# ACTIVITY
Begin at the line holding "Little Helper Vacuum – Cleaning Fun for Kids" and set down exactly each line through the last one below, omitting pictures. Include nothing else.

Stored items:

━━━━━━━━━━━━━━━━

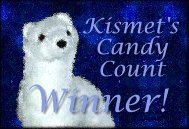 I Guessed
Kismet's Candy Count!
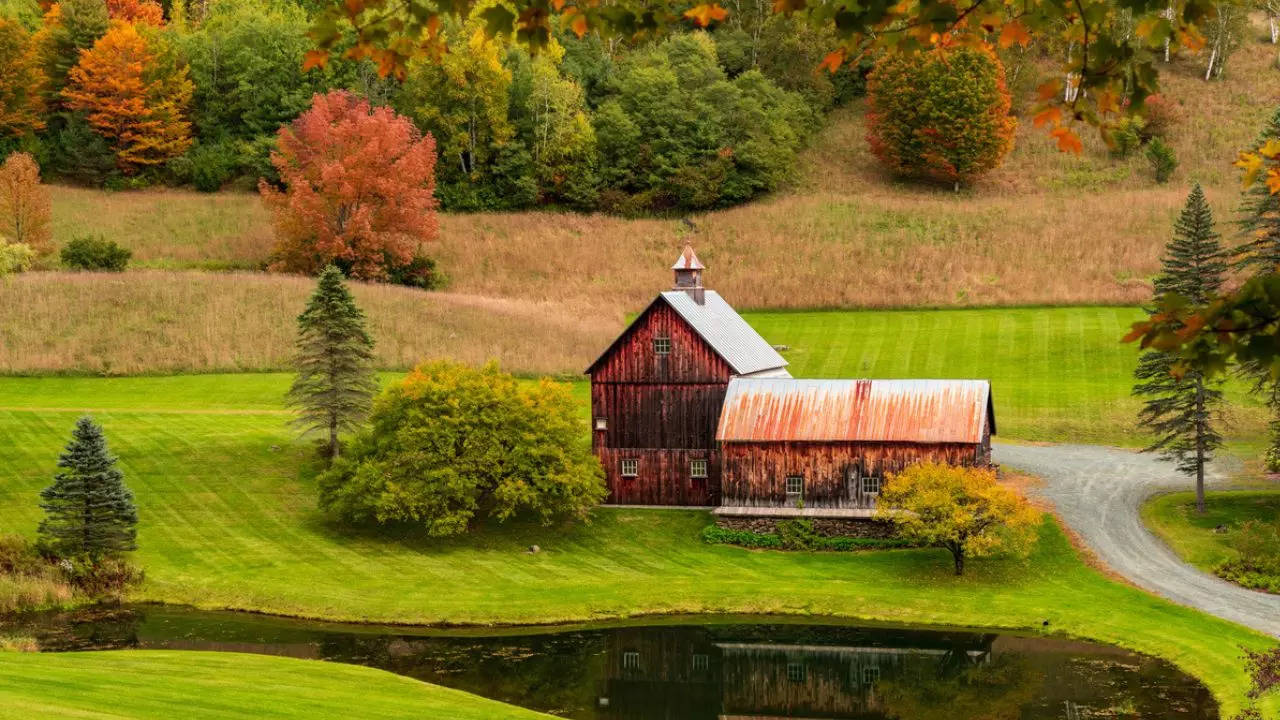 Pomfret Vermont iSTock Image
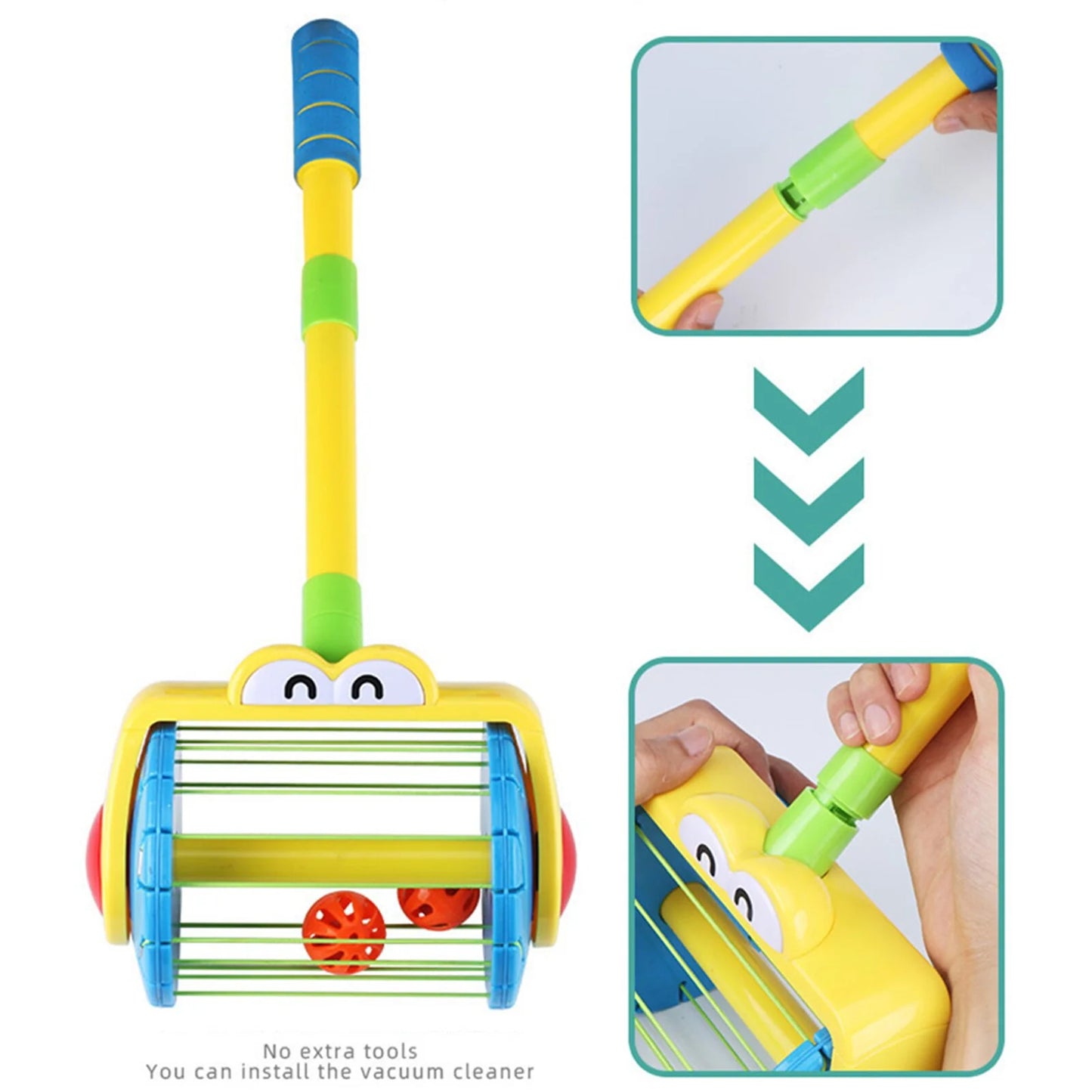 Little Helper Vacuum – Cleaning Fun for Kids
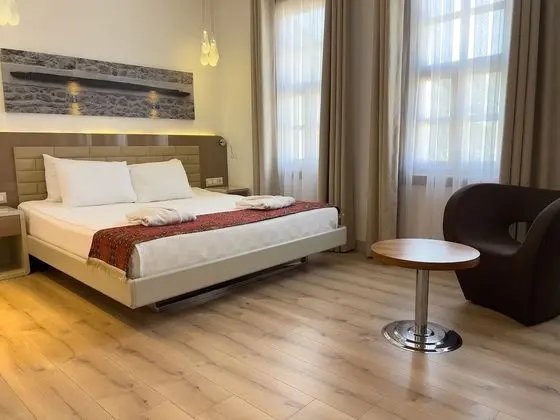 Deluxe Oda, 1 Çift Kişilik Yatak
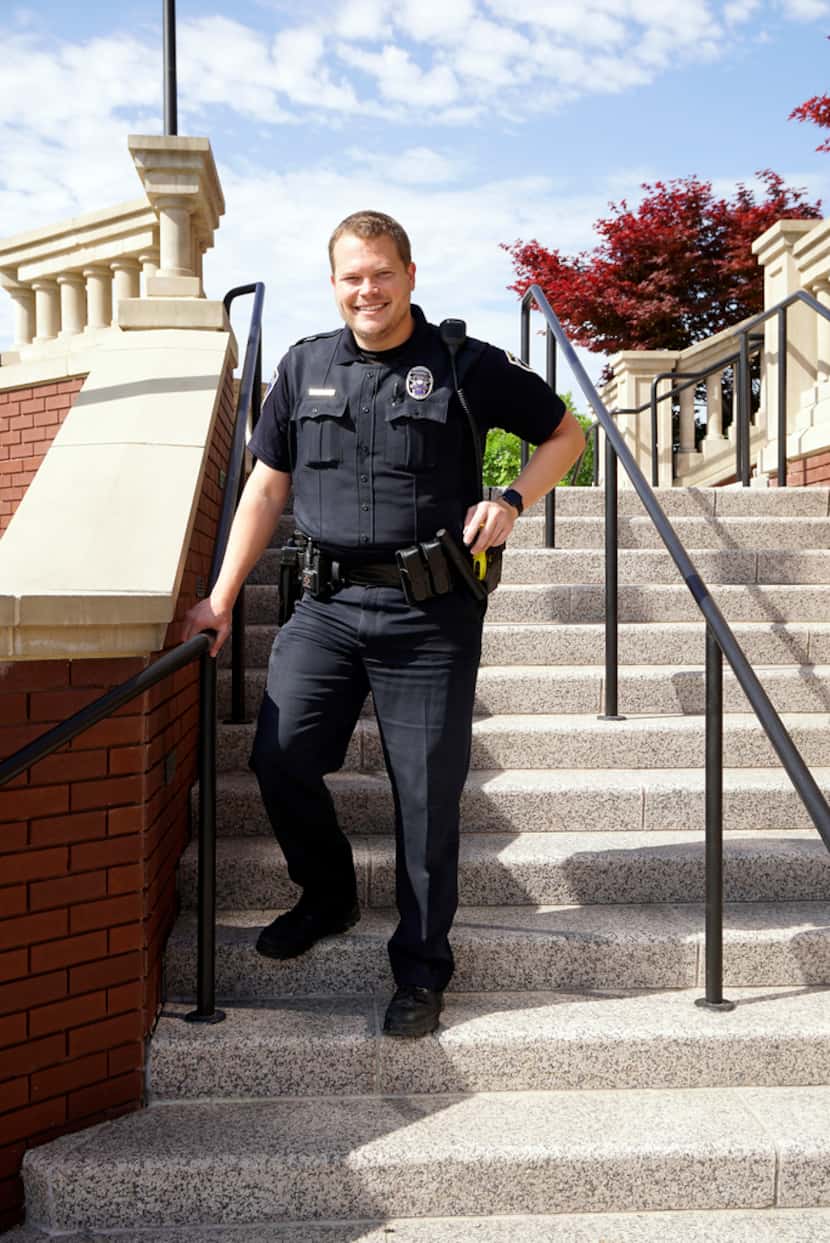 Southlake DPS spokesman Brad Uptmore was one of the first to tell his city that a new crime...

━━━━━━━━━━━━━━━━

# EXERCISE OUTPUT
 Little Helper Vacuum – Cleaning Fun for Kids
 Deluxe Oda, 1 Çift Kişilik Yatak
 Southlake DPS spokesman Brad Uptmore was one of the first to tell his city that a new crime...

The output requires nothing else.